=== ACTIVITY ===
If an entry below holds a picture, skip the picture and copy everything else exactly.

=== INPUT FOR THIS TASK ===

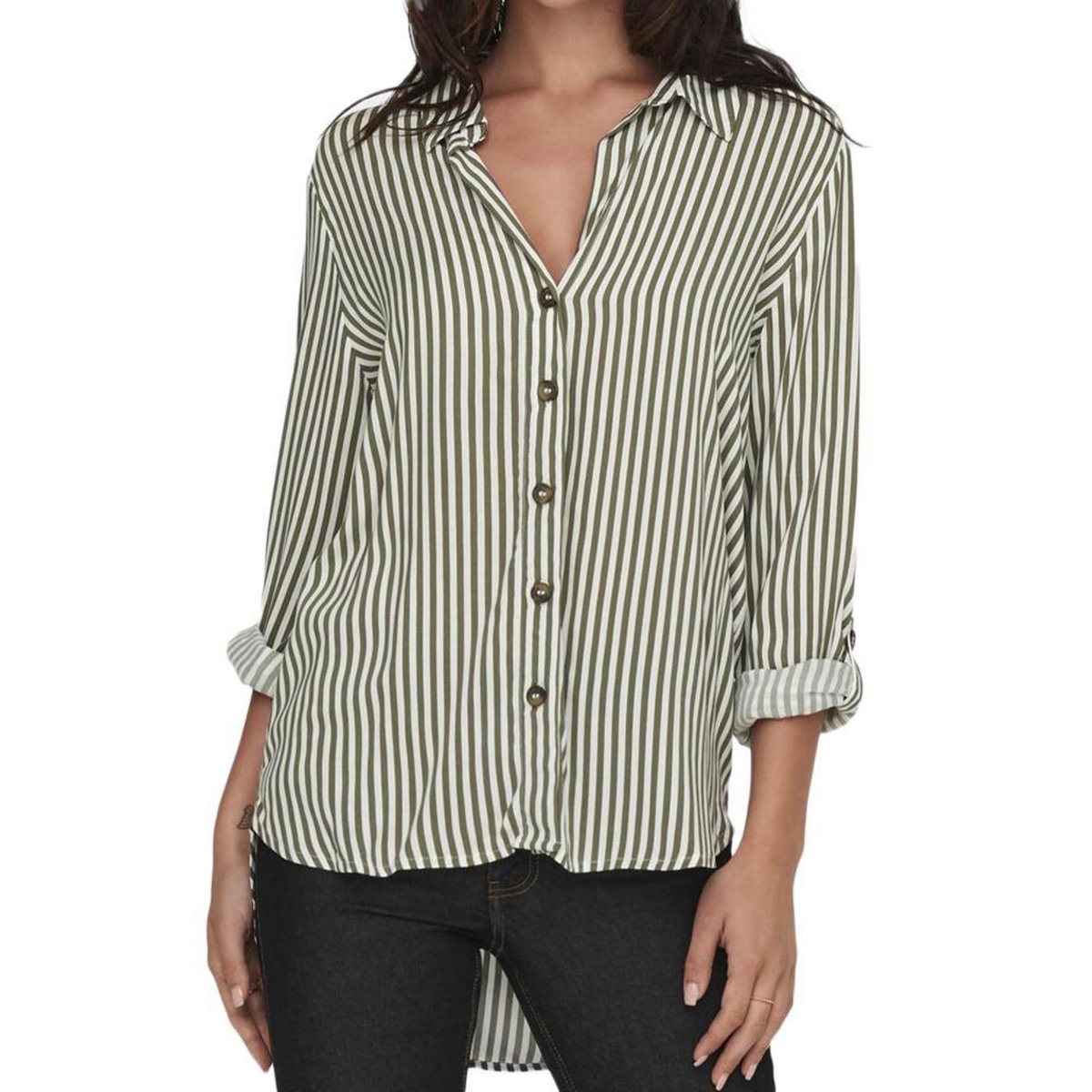 JACQUELINE DE YONG Chemise à Rayures Blanc/ Femme JDY  aurel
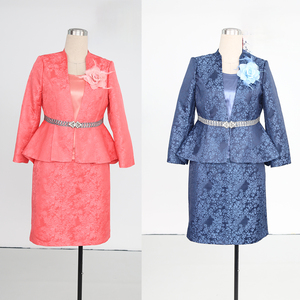 Conjunto de 3 Piezas de Vestido de Iglesia para Mujer Talla Grande, Ropa de Mujer de Primera Calidad para el Trabajo - Product Image 1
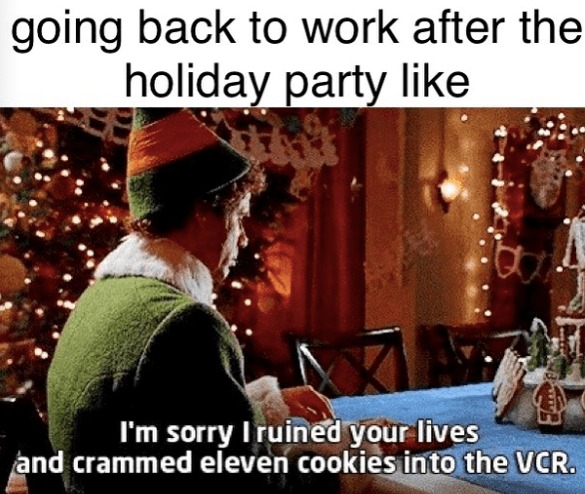 Christmas holidays 2024 - meme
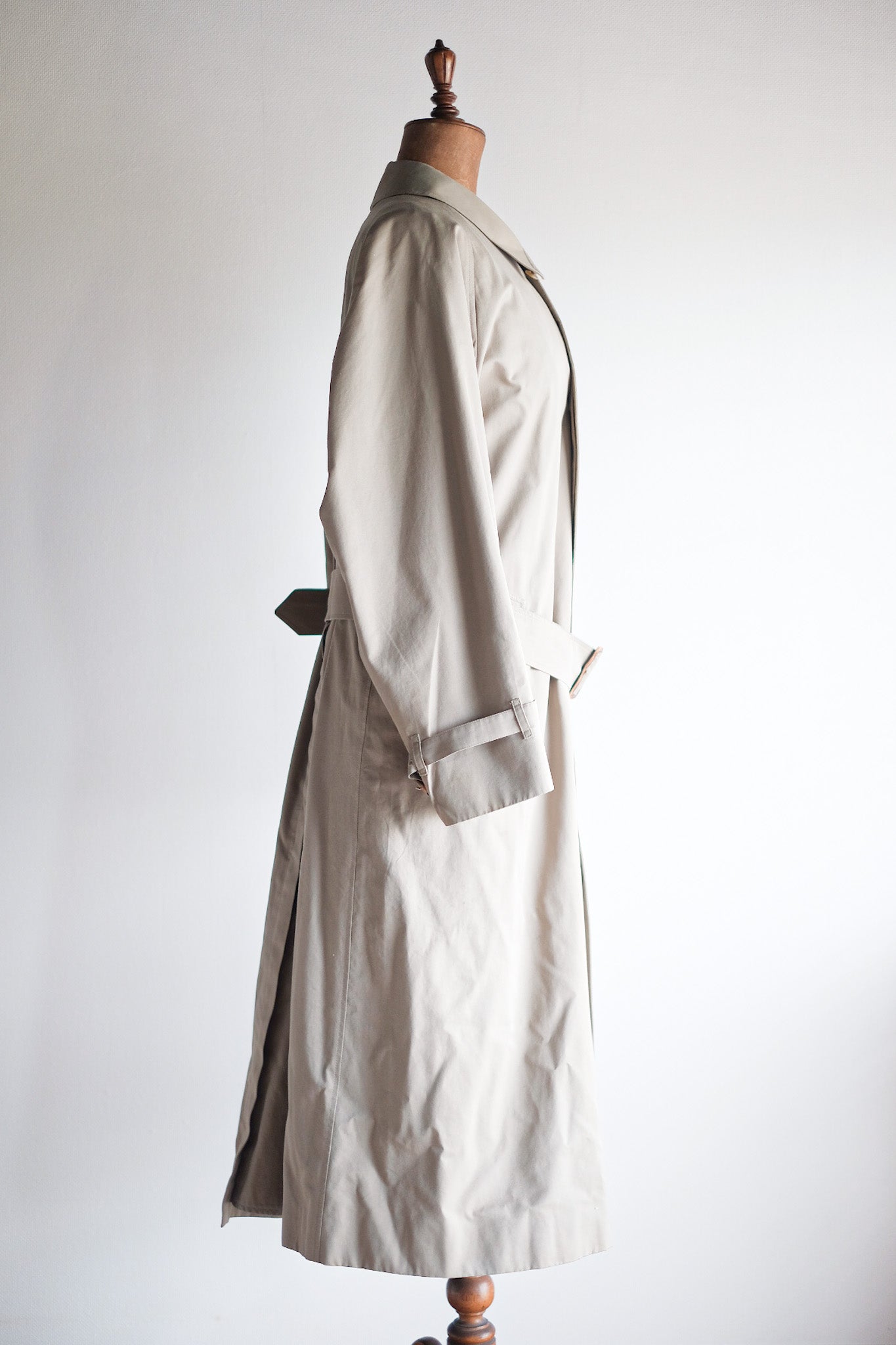 【~80's】Vintage Burberry Single Raglan Rider Coat C100 "HANS ALFRED TERNER 別注"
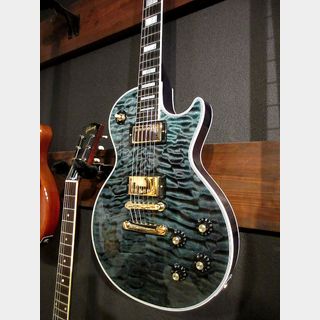 Gibson Custom Shop M2M 68 Les Paul Custom 5A Quilted Maple Top / Gross Nordic Blue No Guard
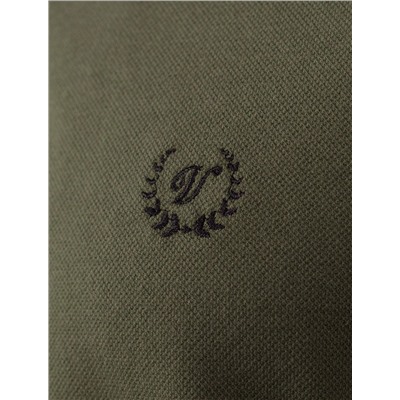 Футболка поло с плетеным воротником на пуговицах из эластичного хлопка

=== WRITTEN SOLUTION ===
 JACQUELINE DE YONG Chemise à Rayures Blanc/ Femme JDY  aurel
 Conjunto de 3 Piezas de Vestido de Iglesia para Mujer Talla Grande, Ropa de Mujer de Primera Calidad para el Trabajo - Product Image 1
 Christmas holidays 2024 - meme
 【~80's】Vintage Burberry Single Raglan Rider Coat C100 "HANS ALFRED TERNER 別注"
 Gibson Custom Shop M2M 68 Les Paul Custom 5A Quilted Maple Top / Gross Nordic Blue No Guard
 Футболка поло с плетеным воротником на пуговицах из эластичного хлопка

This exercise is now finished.